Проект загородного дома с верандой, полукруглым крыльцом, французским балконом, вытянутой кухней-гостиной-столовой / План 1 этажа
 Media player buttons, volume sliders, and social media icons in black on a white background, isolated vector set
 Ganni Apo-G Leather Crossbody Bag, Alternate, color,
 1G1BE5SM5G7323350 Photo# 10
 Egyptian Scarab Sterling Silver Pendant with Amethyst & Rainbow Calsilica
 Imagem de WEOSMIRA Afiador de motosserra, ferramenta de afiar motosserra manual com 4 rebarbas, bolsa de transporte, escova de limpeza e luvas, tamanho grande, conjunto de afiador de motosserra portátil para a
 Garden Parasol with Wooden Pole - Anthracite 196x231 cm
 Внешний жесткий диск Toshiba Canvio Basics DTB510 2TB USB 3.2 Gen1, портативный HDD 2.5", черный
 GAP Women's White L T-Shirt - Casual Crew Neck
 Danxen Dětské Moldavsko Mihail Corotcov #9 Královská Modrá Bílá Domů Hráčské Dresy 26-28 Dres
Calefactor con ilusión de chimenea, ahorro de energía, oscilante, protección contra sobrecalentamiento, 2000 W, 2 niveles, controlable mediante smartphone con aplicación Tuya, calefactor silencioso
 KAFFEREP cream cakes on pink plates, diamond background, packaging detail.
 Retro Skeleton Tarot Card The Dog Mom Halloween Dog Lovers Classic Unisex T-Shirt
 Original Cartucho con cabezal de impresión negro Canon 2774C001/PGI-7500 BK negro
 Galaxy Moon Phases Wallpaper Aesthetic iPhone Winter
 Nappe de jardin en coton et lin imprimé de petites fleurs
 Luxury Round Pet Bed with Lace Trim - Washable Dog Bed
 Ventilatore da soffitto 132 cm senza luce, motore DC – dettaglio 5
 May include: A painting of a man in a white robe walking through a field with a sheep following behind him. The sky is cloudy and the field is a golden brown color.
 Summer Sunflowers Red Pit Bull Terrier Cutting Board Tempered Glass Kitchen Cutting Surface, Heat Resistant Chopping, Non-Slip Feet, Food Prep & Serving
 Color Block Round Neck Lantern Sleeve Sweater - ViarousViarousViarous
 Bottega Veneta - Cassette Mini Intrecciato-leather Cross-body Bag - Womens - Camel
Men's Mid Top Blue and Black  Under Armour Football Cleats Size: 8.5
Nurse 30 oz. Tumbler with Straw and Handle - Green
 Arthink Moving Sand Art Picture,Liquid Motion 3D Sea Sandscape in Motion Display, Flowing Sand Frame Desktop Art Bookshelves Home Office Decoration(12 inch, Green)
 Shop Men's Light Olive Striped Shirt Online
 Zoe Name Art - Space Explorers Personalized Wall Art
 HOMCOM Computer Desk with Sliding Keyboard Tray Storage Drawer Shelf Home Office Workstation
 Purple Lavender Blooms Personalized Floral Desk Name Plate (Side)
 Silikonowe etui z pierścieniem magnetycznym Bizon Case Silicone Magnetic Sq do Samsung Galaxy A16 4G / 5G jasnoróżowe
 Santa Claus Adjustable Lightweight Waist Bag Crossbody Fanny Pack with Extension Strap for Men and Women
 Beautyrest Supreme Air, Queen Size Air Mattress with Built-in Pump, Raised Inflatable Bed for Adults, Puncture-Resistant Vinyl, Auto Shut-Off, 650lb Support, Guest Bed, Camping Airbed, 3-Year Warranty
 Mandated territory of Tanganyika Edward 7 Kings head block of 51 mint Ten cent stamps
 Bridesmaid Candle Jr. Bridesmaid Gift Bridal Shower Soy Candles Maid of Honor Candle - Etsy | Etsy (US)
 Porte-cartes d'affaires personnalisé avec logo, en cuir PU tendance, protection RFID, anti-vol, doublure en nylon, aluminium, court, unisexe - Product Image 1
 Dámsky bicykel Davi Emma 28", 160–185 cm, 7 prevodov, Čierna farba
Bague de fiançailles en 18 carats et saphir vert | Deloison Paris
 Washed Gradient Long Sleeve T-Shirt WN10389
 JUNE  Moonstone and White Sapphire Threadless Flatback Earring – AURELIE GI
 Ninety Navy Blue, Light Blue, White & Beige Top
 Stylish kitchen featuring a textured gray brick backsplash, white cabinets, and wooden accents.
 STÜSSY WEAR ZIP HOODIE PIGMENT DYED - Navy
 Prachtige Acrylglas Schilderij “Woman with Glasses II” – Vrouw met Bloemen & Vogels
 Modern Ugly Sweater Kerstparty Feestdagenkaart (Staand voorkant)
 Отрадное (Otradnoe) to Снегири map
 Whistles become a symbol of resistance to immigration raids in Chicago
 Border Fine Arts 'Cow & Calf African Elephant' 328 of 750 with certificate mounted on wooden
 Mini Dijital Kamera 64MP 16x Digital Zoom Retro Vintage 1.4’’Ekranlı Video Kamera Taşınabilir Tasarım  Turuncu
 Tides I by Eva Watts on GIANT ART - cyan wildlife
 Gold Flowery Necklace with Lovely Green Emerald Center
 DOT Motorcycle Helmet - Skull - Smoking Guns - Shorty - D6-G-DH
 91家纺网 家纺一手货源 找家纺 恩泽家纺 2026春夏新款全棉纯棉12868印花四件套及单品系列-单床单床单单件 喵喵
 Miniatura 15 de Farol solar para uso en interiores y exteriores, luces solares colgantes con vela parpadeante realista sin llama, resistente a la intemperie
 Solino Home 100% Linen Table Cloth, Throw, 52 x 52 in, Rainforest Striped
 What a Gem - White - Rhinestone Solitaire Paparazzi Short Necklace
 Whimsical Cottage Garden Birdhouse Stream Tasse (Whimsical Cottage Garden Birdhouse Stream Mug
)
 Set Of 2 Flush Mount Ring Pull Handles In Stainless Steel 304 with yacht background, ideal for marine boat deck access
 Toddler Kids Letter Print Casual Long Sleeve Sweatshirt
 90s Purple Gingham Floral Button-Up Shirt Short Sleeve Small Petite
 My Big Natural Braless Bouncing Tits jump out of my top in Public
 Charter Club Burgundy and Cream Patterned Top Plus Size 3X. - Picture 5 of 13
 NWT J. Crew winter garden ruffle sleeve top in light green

◆ To do: All of the entries above should be transcribed exactly, line for line.

◆ Answer area:
Проект загородного дома с верандой, полукруглым крыльцом, французским балконом, вытянутой кухней-гостиной-столовой / План 1 этажа
 Media player buttons, volume sliders, and social media icons in black on a white background, isolated vector set
 Ganni Apo-G Leather Crossbody Bag, Alternate, color,
 1G1BE5SM5G7323350 Photo# 10
 Egyptian Scarab Sterling Silver Pendant with Amethyst & Rainbow Calsilica
 Imagem de WEOSMIRA Afiador de motosserra, ferramenta de afiar motosserra manual com 4 rebarbas, bolsa de transporte, escova de limpeza e luvas, tamanho grande, conjunto de afiador de motosserra portátil para a
 Garden Parasol with Wooden Pole - Anthracite 196x231 cm
 Внешний жесткий диск Toshiba Canvio Basics DTB510 2TB USB 3.2 Gen1, портативный HDD 2.5", черный
 GAP Women's White L T-Shirt - Casual Crew Neck
 Danxen Dětské Moldavsko Mihail Corotcov #9 Královská Modrá Bílá Domů Hráčské Dresy 26-28 Dres
Calefactor con ilusión de chimenea, ahorro de energía, oscilante, protección contra sobrecalentamiento, 2000 W, 2 niveles, controlable mediante smartphone con aplicación Tuya, calefactor silencioso
 KAFFEREP cream cakes on pink plates, diamond background, packaging detail.
 Retro Skeleton Tarot Card The Dog Mom Halloween Dog Lovers Classic Unisex T-Shirt
 Original Cartucho con cabezal de impresión negro Canon 2774C001/PGI-7500 BK negro
 Galaxy Moon Phases Wallpaper Aesthetic iPhone Winter
 Nappe de jardin en coton et lin imprimé de petites fleurs
 Luxury Round Pet Bed with Lace Trim - Washable Dog Bed
 Ventilatore da soffitto 132 cm senza luce, motore DC – dettaglio 5
 May include: A painting of a man in a white robe walking through a field with a sheep following behind him. The sky is cloudy and the field is a golden brown color.
 Summer Sunflowers Red Pit Bull Terrier Cutting Board Tempered Glass Kitchen Cutting Surface, Heat Resistant Chopping, Non-Slip Feet, Food Prep & Serving
 Color Block Round Neck Lantern Sleeve Sweater - ViarousViarousViarous
 Bottega Veneta - Cassette Mini Intrecciato-leather Cross-body Bag - Womens - Camel
Men's Mid Top Blue and Black  Under Armour Football Cleats Size: 8.5
Nurse 30 oz. Tumbler with Straw and Handle - Green
 Arthink Moving Sand Art Picture,Liquid Motion 3D Sea Sandscape in Motion Display, Flowing Sand Frame Desktop Art Bookshelves Home Office Decoration(12 inch, Green)
 Shop Men's Light Olive Striped Shirt Online
 Zoe Name Art - Space Explorers Personalized Wall Art
 HOMCOM Computer Desk with Sliding Keyboard Tray Storage Drawer Shelf Home Office Workstation
 Purple Lavender Blooms Personalized Floral Desk Name Plate (Side)
 Silikonowe etui z pierścieniem magnetycznym Bizon Case Silicone Magnetic Sq do Samsung Galaxy A16 4G / 5G jasnoróżowe
 Santa Claus Adjustable Lightweight Waist Bag Crossbody Fanny Pack with Extension Strap for Men and Women
 Beautyrest Supreme Air, Queen Size Air Mattress with Built-in Pump, Raised Inflatable Bed for Adults, Puncture-Resistant Vinyl, Auto Shut-Off, 650lb Support, Guest Bed, Camping Airbed, 3-Year Warranty
 Mandated territory of Tanganyika Edward 7 Kings head block of 51 mint Ten cent stamps
 Bridesmaid Candle Jr. Bridesmaid Gift Bridal Shower Soy Candles Maid of Honor Candle - Etsy | Etsy (US)
 Porte-cartes d'affaires personnalisé avec logo, en cuir PU tendance, protection RFID, anti-vol, doublure en nylon, aluminium, court, unisexe - Product Image 1
 Dámsky bicykel Davi Emma 28", 160–185 cm, 7 prevodov, Čierna farba
Bague de fiançailles en 18 carats et saphir vert | Deloison Paris
 Washed Gradient Long Sleeve T-Shirt WN10389
 JUNE  Moonstone and White Sapphire Threadless Flatback Earring – AURELIE GI
 Ninety Navy Blue, Light Blue, White & Beige Top
 Stylish kitchen featuring a textured gray brick backsplash, white cabinets, and wooden accents.
 STÜSSY WEAR ZIP HOODIE PIGMENT DYED - Navy
 Prachtige Acrylglas Schilderij “Woman with Glasses II” – Vrouw met Bloemen & Vogels
 Modern Ugly Sweater Kerstparty Feestdagenkaart (Staand voorkant)
 Отрадное (Otradnoe) to Снегири map
 Whistles become a symbol of resistance to immigration raids in Chicago
 Border Fine Arts 'Cow & Calf African Elephant' 328 of 750 with certificate mounted on wooden
 Mini Dijital Kamera 64MP 16x Digital Zoom Retro Vintage 1.4’’Ekranlı Video Kamera Taşınabilir Tasarım  Turuncu
 Tides I by Eva Watts on GIANT ART - cyan wildlife
 Gold Flowery Necklace with Lovely Green Emerald Center
 DOT Motorcycle Helmet - Skull - Smoking Guns - Shorty - D6-G-DH
 91家纺网 家纺一手货源 找家纺 恩泽家纺 2026春夏新款全棉纯棉12868印花四件套及单品系列-单床单床单单件 喵喵
 Miniatura 15 de Farol solar para uso en interiores y exteriores, luces solares colgantes con vela parpadeante realista sin llama, resistente a la intemperie
 Solino Home 100% Linen Table Cloth, Throw, 52 x 52 in, Rainforest Striped
 What a Gem - White - Rhinestone Solitaire Paparazzi Short Necklace
 Whimsical Cottage Garden Birdhouse Stream Tasse (Whimsical Cottage Garden Birdhouse Stream Mug
)
 Set Of 2 Flush Mount Ring Pull Handles In Stainless Steel 304 with yacht background, ideal for marine boat deck access
 Toddler Kids Letter Print Casual Long Sleeve Sweatshirt
 90s Purple Gingham Floral Button-Up Shirt Short Sleeve Small Petite
 My Big Natural Braless Bouncing Tits jump out of my top in Public
 Charter Club Burgundy and Cream Patterned Top Plus Size 3X. - Picture 5 of 13
 NWT J. Crew winter garden ruffle sleeve top in light green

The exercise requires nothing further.